If you are members of IBEW Local 827 in Pleasantville, located only 5
miles from glitzy Atlantic City, you make so much noise that the
surrounding populace would swear that you have 888 members. You take
your issues with Comcast to the company’s customers, to the news media
and even to the Comcast’s headquarters in the Philadelphia, with
eye-catching, creative tactics. You construct a flashy "unofficial"
website, paid for by membership contributions, to keep each other
informed and reach out for support. You hold informational picket lines
and rallies with a simple theme-- "We’re Not Gonna Take It!" And you
win.
On July 6th, members of Local 827 ratified a new contract
with Comcast that includes an 11.4 percent wage increase over 41 months
and critical protections against sub-contracting when the company moves
into new telephony technologies like voice over internet protocol (VoIP).
Dave Kubert, Vice President of Local 827, who led negotiations,
credits the membership of the local for the contract victory. "Comcast,
he says, is a tough company to bargain with, but the members stood
together and fought." Kubert also commends Rich Spieler, Local 827’s
Business Agent for southern New Jersey for doing a "great job" in
supporting the internal organizing of the membership.
Local 827 opened discussions with Comcast in April on the contract
that was due to expire on May 31st. The company demanded that
the union agree to the elimination of 7 sick days and offered a meager
2.7 percent salary increase over 3 years.
Members of the local, who had worked without a significant raise over
the previous three years, and who make roughly $7 dollars per hour less
than technicians with competing companies, were outraged. Their
bitterness was stoked by financial reports showing that CEO Brian
Roberts and his father, Comcast founder Ralph Roberts, took home a
combined $20.3 million in 2003 with an additional $34.2 million in
exercised stock options.
The members’ website said: "When corporate greed is the driving
force, where will this leave the workers? It leaves them making
substandard wages, overworked and feeling dehumanized, being told that
the offers put forth on the table are those that they should be grateful
for, being told Customer First day in and day out."

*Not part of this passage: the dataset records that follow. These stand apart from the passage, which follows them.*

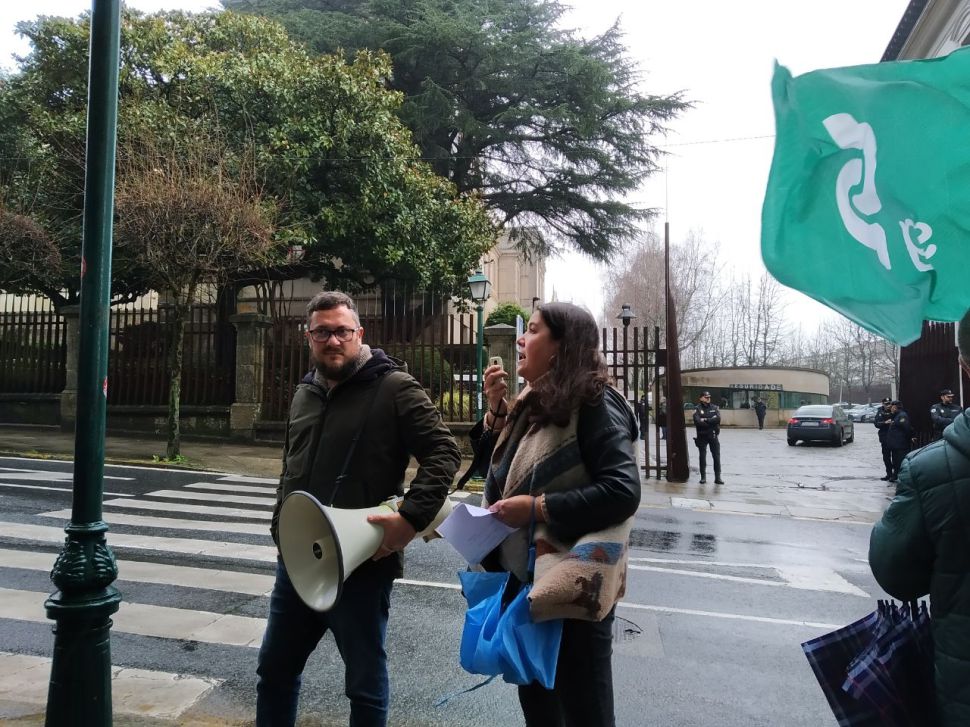 Produtores/as en ecolóxico e de zonas desfavorecidas maniféstanse fronte ao Parlamento convocadas polo SLG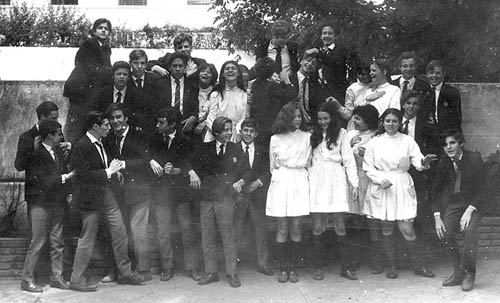 Raquel en el colegio nacional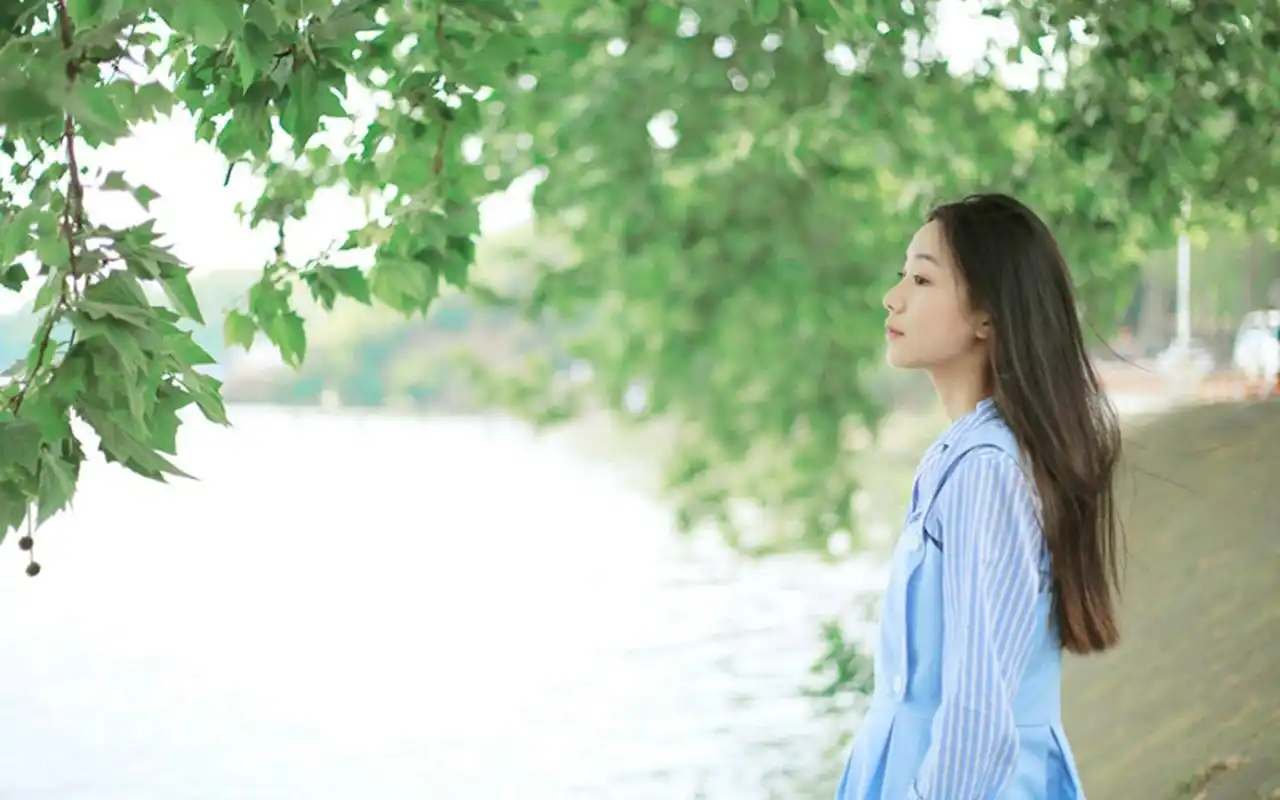 素颜美女清纯迷人户外写真图片桌面壁纸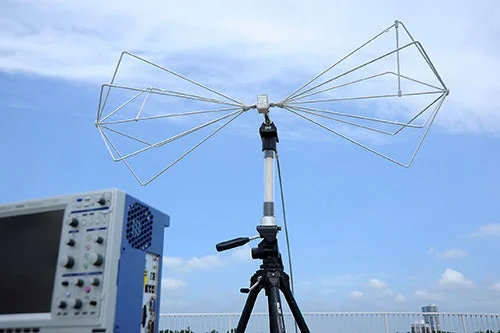 屋外での電波測定の様子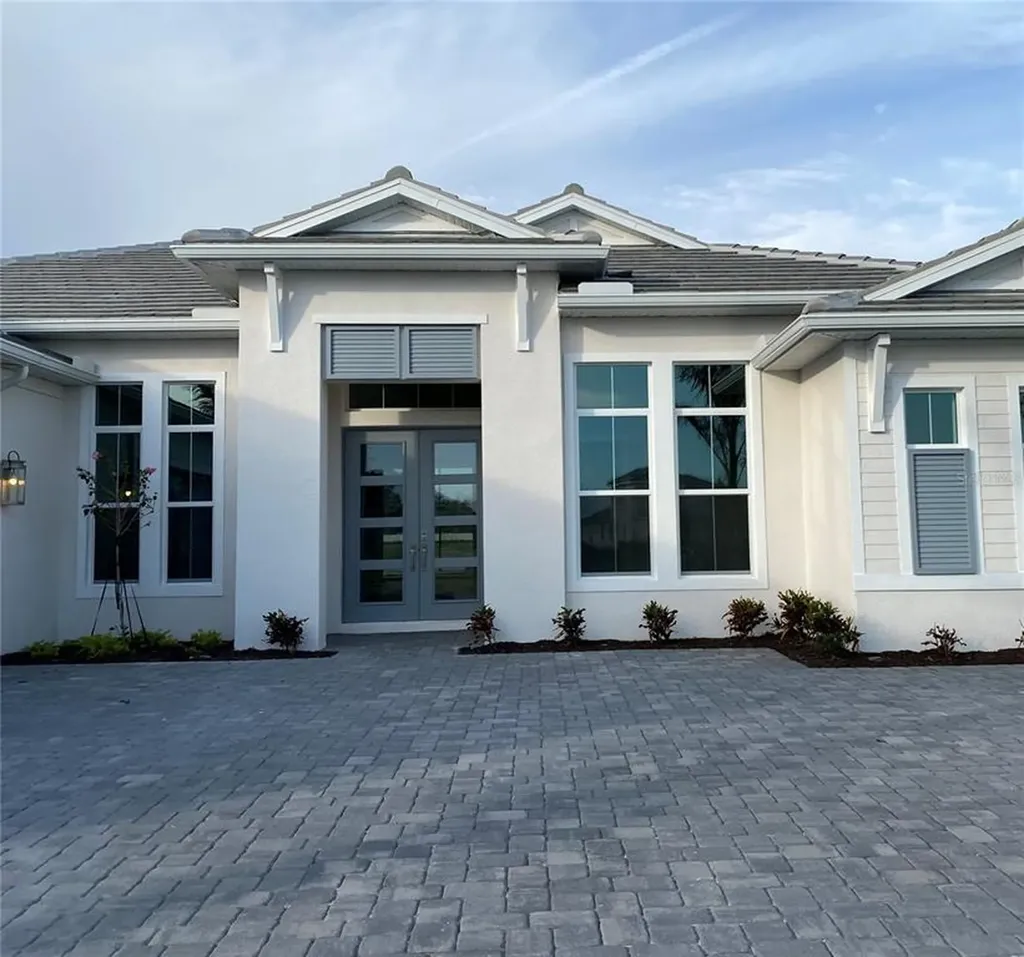 17721 Lucaya Drive Bradenton FL 34202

While Comcast dug in their heels, and negotiators agreed to contract
extensions, the local’s membership got busy. Knowing, first-hand, that
Comcast had a dreadful record of customer service, they took their
issues to surrounding towns of Longsport, Margate, Ventnor and Ocean
City in several motorcades. Their convoys were led by a pickup truck
with a huge inflatable rat, representing CEO Roberts, wearing a poster
that said: "Comcast 1st-Customers and Employees Last," signed
www.local827.net. The website urged customers to write to Comcast asking
them to bargain in good faith with the IBEW. The rat, followed by a
cluster of vehicles and digital cameras that recorded his travels for
the members’ website, eventually wove his way to Philadelphia for
informational picketing at the Comcast headquarters.
Local 827 had a deep well of union support to draw from. Vice
President Kubert says: "Atlantic City is a union town. This helped us to
win our contract." Joining the informational picket lines were Local 827
members from Comcast in Tom’s River, New Jersey, Teamsters from UPS,
unionists from Verizon and members of the Atlantic City-Cape May Central
Labor Council. AFL-CIO President John Sweeney and members of the CWA
joined the action at Comcast’s headquarters in Philadelphia.

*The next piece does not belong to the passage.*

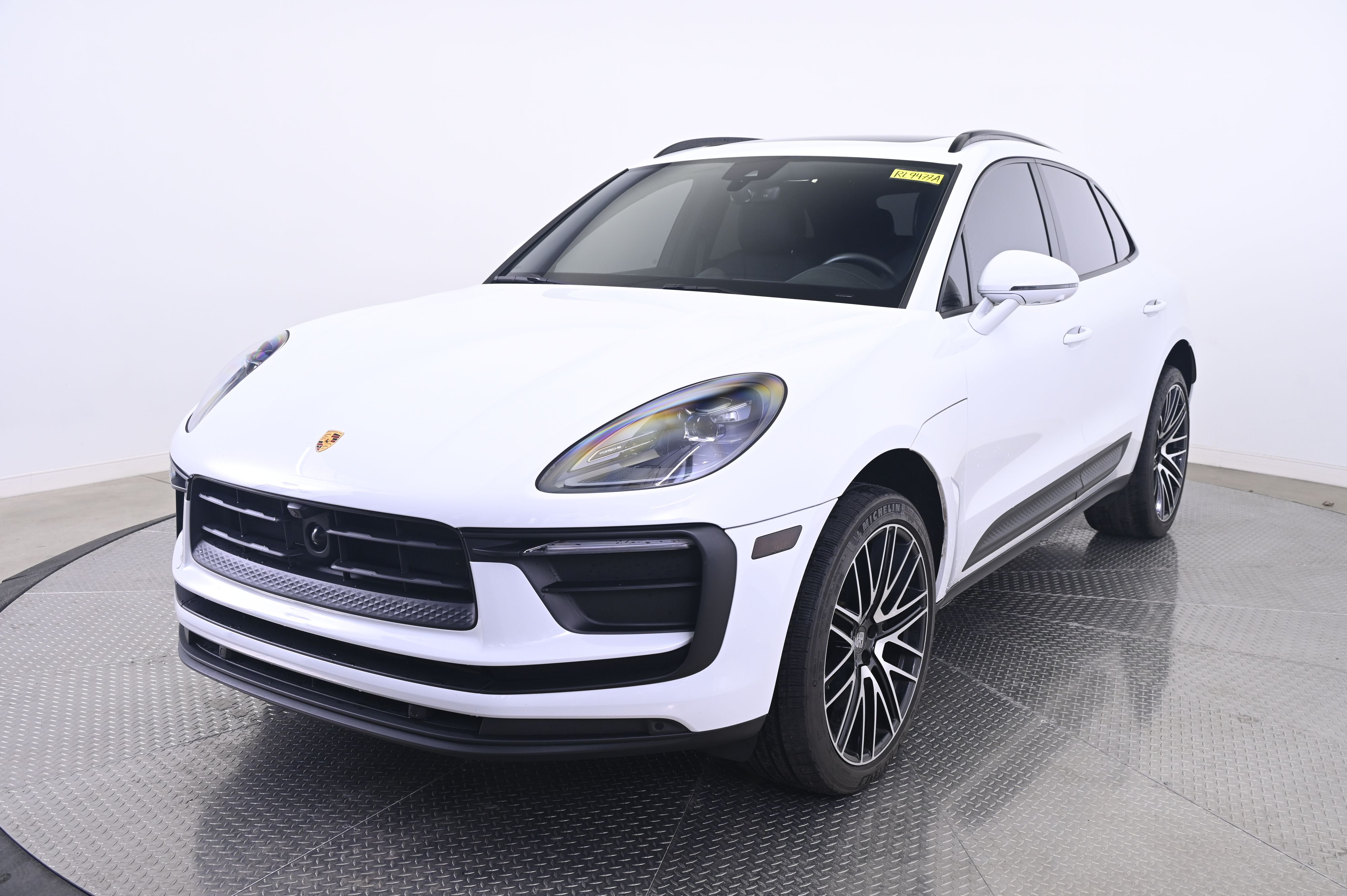 Thumbnail: 2022 Porsche Macan - 1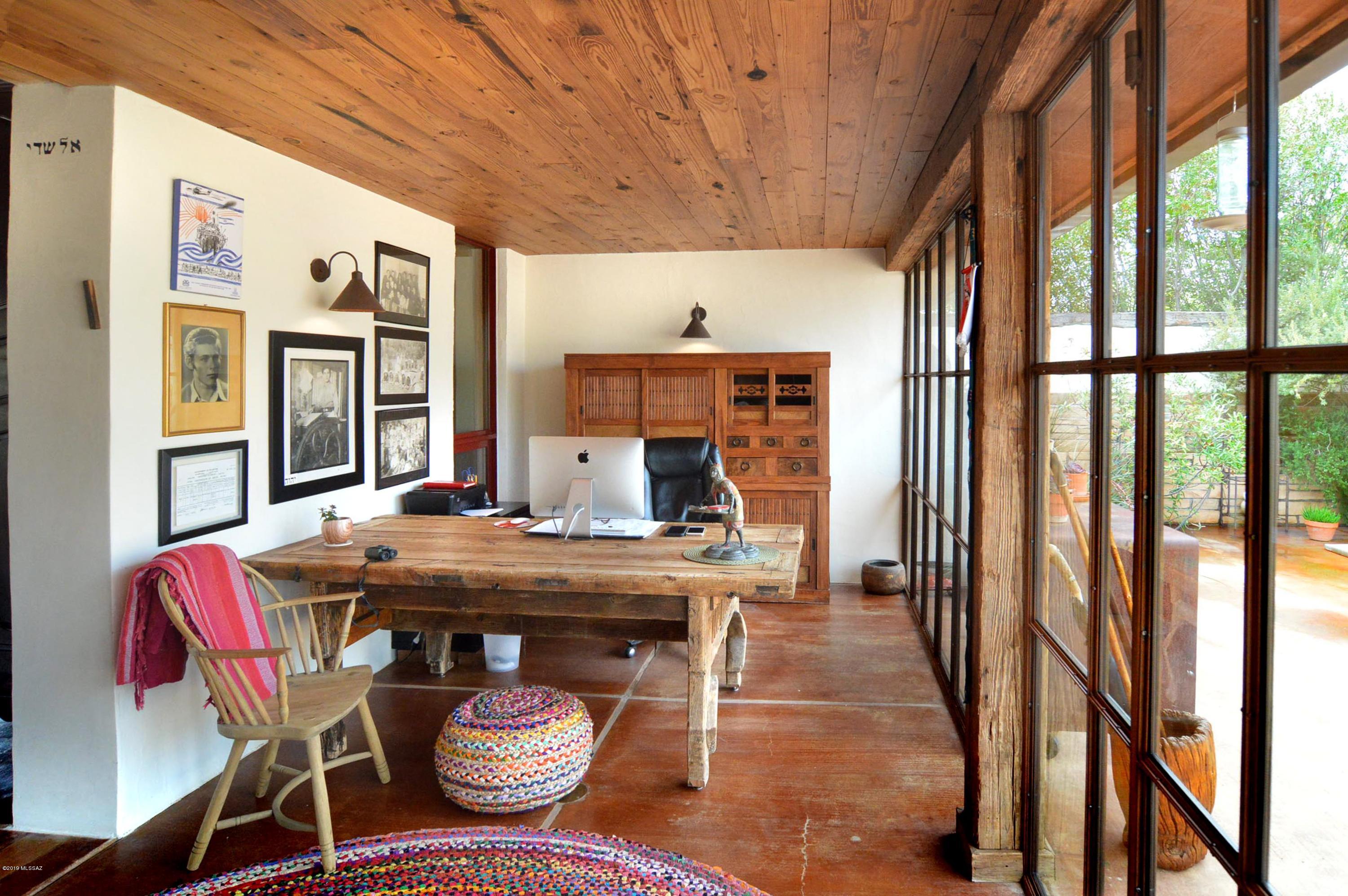 Rail X Ranch Est - Residential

The new contract with Comcast includes an $850 signing bonus and an
enhanced 401-k retirement plan that includes a 100 percent match by
Comcast with protections against unilateral changes. Each bargaining
unit member will receive 100 stock options. For workers who suffer on
the job injuries, leave time is expanded from six months to one year.
Contract language on vacation and bereavement pay is improved.
Currently Comcast retirees receive no company medical benefits. The
contract includes language requiring the company to hold discussions
with the local concerning an offer of such benefits to Pleasantville
workers if Comcast covers any employees in any state in the future.